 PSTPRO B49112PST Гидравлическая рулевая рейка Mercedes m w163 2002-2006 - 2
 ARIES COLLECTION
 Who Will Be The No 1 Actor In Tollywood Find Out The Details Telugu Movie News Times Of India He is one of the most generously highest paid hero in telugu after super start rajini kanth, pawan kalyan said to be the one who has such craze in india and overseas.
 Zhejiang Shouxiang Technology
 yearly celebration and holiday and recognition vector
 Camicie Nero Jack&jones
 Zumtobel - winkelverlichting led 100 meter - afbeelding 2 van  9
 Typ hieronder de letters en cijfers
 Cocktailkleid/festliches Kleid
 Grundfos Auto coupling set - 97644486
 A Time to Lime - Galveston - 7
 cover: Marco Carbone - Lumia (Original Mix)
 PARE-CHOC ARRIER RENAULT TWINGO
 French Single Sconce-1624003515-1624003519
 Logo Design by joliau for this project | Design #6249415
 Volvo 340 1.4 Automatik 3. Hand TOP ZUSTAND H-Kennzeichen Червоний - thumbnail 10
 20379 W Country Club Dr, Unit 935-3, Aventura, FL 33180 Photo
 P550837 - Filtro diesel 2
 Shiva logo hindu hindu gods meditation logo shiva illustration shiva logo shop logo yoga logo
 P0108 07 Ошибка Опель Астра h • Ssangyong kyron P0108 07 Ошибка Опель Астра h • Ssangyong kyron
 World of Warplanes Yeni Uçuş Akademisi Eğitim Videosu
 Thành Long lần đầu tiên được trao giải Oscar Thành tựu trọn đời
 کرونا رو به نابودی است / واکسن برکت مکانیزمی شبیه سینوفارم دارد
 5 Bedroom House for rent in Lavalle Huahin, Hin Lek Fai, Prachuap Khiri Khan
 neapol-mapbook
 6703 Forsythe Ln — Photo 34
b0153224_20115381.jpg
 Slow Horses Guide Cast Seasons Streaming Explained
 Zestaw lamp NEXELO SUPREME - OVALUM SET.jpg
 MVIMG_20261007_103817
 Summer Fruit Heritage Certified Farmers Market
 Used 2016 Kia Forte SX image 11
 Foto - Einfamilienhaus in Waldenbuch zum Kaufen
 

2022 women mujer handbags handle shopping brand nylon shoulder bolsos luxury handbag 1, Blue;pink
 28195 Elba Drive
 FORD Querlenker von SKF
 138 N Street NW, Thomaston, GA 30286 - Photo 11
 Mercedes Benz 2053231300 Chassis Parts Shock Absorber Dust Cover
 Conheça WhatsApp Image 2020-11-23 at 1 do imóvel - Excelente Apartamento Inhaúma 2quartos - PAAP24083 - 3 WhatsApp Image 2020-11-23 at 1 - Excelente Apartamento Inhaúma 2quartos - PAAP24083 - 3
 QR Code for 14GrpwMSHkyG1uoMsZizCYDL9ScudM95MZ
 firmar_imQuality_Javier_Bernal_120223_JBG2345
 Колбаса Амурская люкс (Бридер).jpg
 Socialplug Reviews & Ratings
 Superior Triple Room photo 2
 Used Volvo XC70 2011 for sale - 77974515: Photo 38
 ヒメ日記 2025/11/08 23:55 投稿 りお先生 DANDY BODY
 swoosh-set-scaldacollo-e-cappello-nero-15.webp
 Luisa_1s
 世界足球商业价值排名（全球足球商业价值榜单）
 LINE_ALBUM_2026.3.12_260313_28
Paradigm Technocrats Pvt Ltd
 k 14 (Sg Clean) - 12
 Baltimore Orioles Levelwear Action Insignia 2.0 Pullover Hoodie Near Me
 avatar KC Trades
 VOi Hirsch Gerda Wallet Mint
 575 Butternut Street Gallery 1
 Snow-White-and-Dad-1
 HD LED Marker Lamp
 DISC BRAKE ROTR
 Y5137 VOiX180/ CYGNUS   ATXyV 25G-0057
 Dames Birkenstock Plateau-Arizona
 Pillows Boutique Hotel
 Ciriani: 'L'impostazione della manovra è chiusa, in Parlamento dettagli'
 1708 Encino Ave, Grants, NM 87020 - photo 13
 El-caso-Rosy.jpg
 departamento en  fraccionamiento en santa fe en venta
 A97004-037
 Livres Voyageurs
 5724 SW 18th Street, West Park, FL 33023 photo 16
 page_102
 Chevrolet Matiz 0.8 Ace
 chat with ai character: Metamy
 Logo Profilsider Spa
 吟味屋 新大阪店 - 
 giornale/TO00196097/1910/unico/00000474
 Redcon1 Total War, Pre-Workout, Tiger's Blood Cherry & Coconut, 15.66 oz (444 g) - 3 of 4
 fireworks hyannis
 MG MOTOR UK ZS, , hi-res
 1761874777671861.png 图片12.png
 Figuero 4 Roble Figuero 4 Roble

- [INSTRUCTIONS FOR THE TASK] Provide the count, and nothing else, of lines in the data above where the word "Volvo" occurs.

- [RESULT FOR THIS TASK] 2